Geschichte eines Sommers:
Mit „A Guide To Recognizing your Saints“ gelingt Dito Montiel ein fulminantes und vielfach prämiertes Filmdebüt.
„My name’s Dito. I’m gonna leave everybody in this film.“ So stellt er sich vor, und so ist es. Ditos Geschichte handelt von der Flucht eines Jungen und der Rückkehr eines Mannes, nach zwanzig langen Jahren, für vieles zu spät, fast zu spät für alles. Erst als die Stimmen seiner Mutter und seiner alten Freunde ihn ans Krankenbett des Vaters rufen, stellt er sich seiner Vergangenheit. Von Kalifornien, einst ein rettender Strohhalm und längst seine Heimat, in der er es als Schriftsteller zu Geld und Ansehen brachte, kehrt er zurück zu seinem New Yorker Viertel und zu der schwülen Hitze jenes kurzen Sommers, in dem so viele Leben sich entschieden.
„A Guide to Recognizing your Saints“ ist das sehr viel versprechende Filmdebüt von Dito Montiel, bisher bekannt als Autor und Punkrocker, der sich seiner gleichnamigen Autobiographie als Vorlage bedient. Beim Sundance Filmfestival wurde der Film mit den Preisen für die beste Regiearbeit und die beste kollektive Schauspielerleistung gewürdigt – völlig zu recht. Vor allem Shia LaBeouf glänzt in der Rolle des jungen Dito, der von einer Liebe und Freundschaft erdrückt wird, die kaum weniger gewaltvoll ist als die Schlägereien, die sich die Jugendlichen auf den zugemüllten Straßen liefern.
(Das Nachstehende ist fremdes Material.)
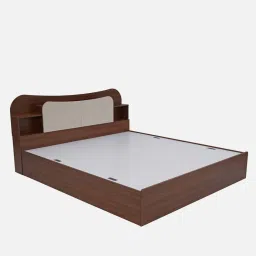 nilkamal Daffodil Queen Size Bed in Walnut Finish with Headboard & Box Storage image 4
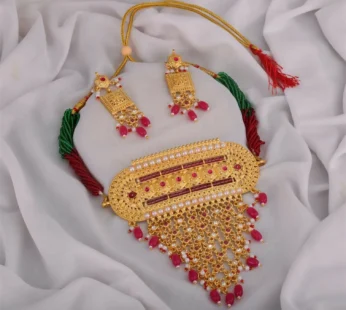 Rajwadi Aad Necklace Set – Handcrafted Rajasthani Ruby & Pearl Jewellery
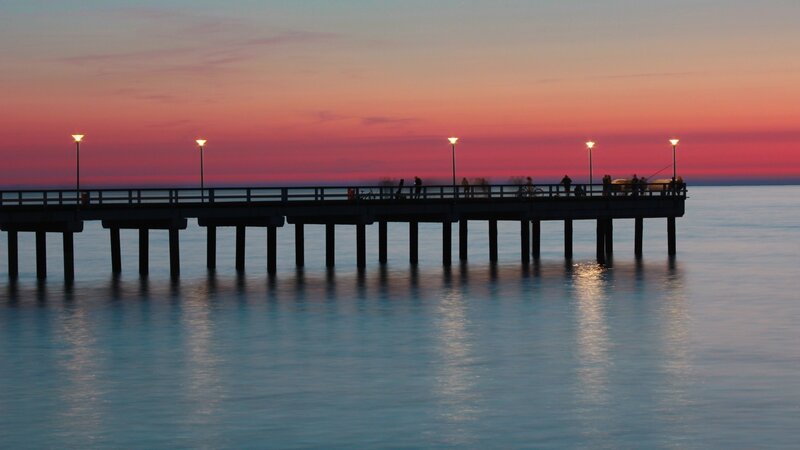 Silhouetted Pier at Dusk — Pink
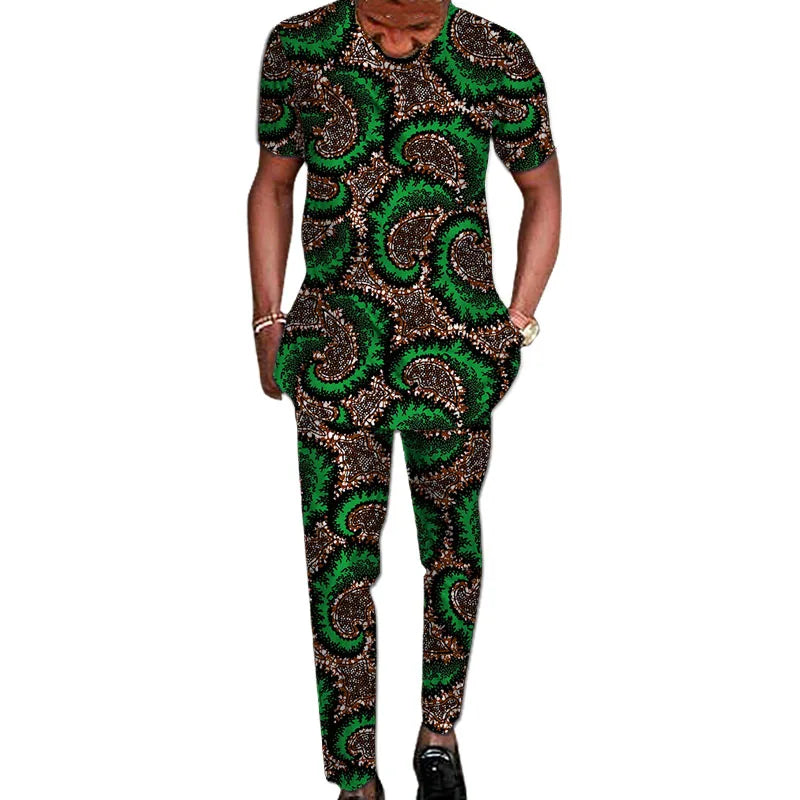 African Tribal Culture Men's Outfits Short Sleeve Set Shirts Patch Trousers African Print Male Pant Suits Party Wear Customized
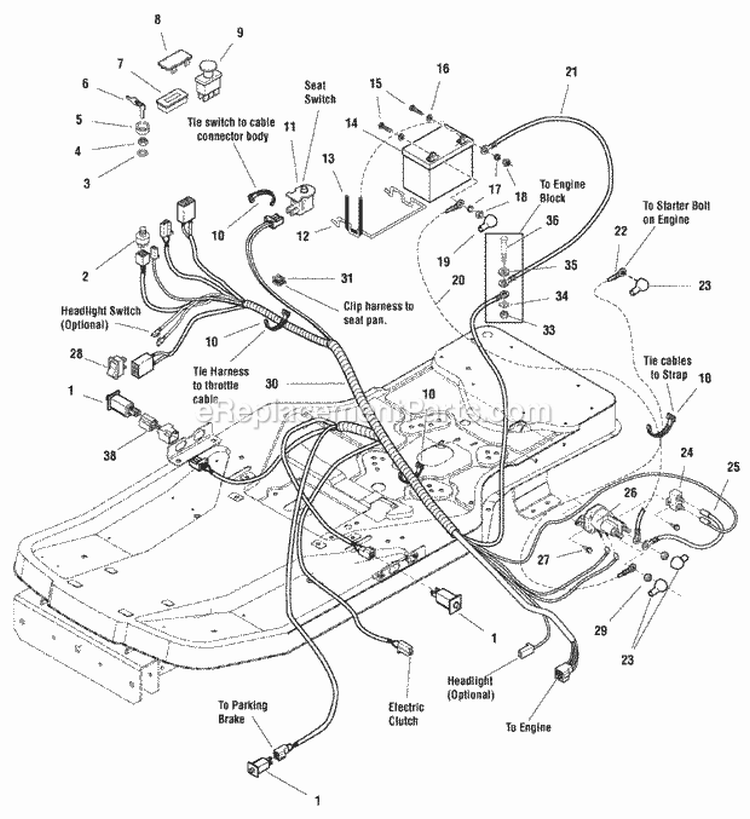 Electrical Group - Main Harness 7103103Yp (7501166) Diagram and Parts List for 7800376  Simplicity Lawn Tractor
Queens ist ein heißes Pflaster, und Ditos Freunde tragen ihren Teil dazu bei. Angeführt von Antonio (von Channing Tatum brillant interpretiert, mit der sinnlich-brutalen Energie eines jungen Marlon Brando), dem muskulösen Alphamännchen der Bande, cruisen die Jungs durchs Viertel und pöbeln Ladenbesitzer und Penner in der U-Bahn an. Wenn sie sich nicht mit puertoricanischen Sprayern prügeln, fordern sie kesse Mädchen zu Blowjobs auf. Mit dabei sind der kleinwüchsige und großmäulige Nerf (Peter Tambakis) und, im Schlepptau, Giuseppe (Adam Scarimbolo), Antonios introvertierter und oft gehänselter Bruder. Anspannung und Gewalt liegen in diesen Tagen ständig in der Luft, wie ein drohendes Gewitter. Vor allem Antonio, der von seinem Vater regelmäßig verprügelt wird und der für seine Freunde den Leitwolf und starken Bruder spielt, umgibt eine Wolke aus Aggressivität, die sich in jähzornigen Ausbrüchen entlädt.
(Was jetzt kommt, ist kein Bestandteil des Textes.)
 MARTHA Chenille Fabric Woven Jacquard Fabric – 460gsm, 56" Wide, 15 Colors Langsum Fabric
Die Wut durchzieht auch das Verlangen, von dem sie kaum zu trennen ist, in diesen schwülen Sommernächten, in denen sich schwitzende Körper aneinander reiben, in denen Flirts verbalen Schlagabtauschen ähneln. Sie atmet in der Freundschaft der jungen Männer, die sie zusammenschweißt, und in der Liebe zwischen Vater und Sohn, zwischen Monty und Dito. Umarmung und Ringergriff liegen nah beieinander, und wenig trennt die streichelnde Hand von der erhobenen Faust, das neckende Wort vom offenen Streit.
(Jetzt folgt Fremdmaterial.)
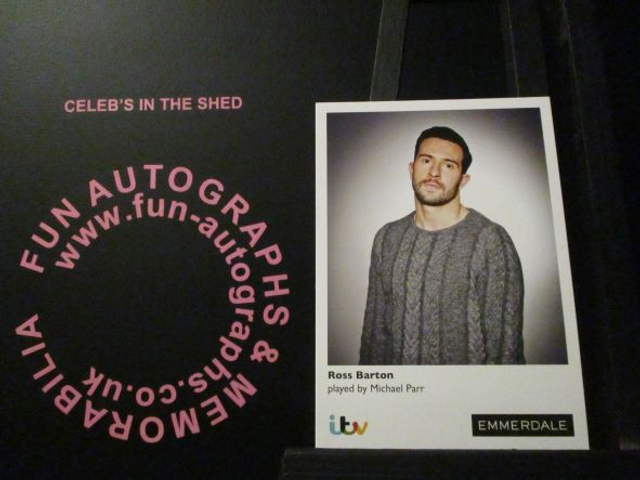 Michael Parr (Ross Barton) Original Emmerdale Coloured Itv Logo Cast Card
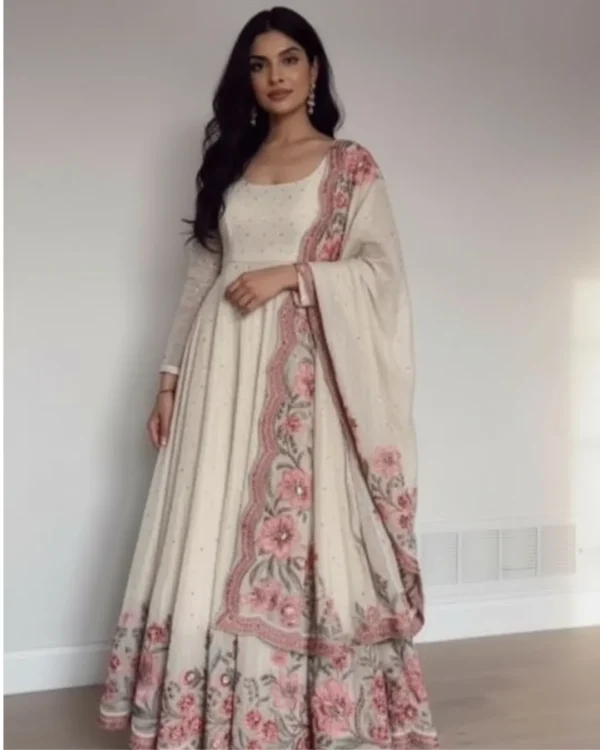 Full Sleeve Anarkali Kurti Pant Dupatta Set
„A Guide to Recognizing your Saints“ lebt von dieser greifbar inszenierten Spannung, von der Reibung, unter der die Figuren sich biegen und brechen und vor der Dito nach Kalifornien entkommt. Der Film gibt ihr etwas ungemein Verführerisches, diese Intensität, mit der die Menschen ihr Leben teilen und immer wieder aufeinander prallen, ohne Pufferzonen, ohne Samthandschuhe, ohne Atempausen, ohne Rücksicht auf Verluste.
Trotz hohem Tempo bleibt Zeit für Nachdenklichkeit und viele Fragen. Darüber was einen Mann zum Mann macht, der Ausbruch oder die Rückkehr, Unabhängigkeit oder Loyalität, Freiheit oder Verantwortung. Über die Gewalt erdrückender Liebe und die nicht minder tödliche Gewalt ihrer Zurückweisung. Vor allem über die Suche nach ein wenig Glück, die einen in die Fremde zieht, und die Sehnsucht, sich an seinen Liebsten festzukrallen und alles zu teilen, ganz gleich ob Glück und Unglück, alle Schicksalsschläge, das ganze Gefühlschaos.
Man hat nur eine Vergangenheit, eine Familie, die paar Freunde. Dito verlässt sie alle. Doch wo er auch hingeht und wie lange er auch wegbleibt, die andern verlassen ihn nie.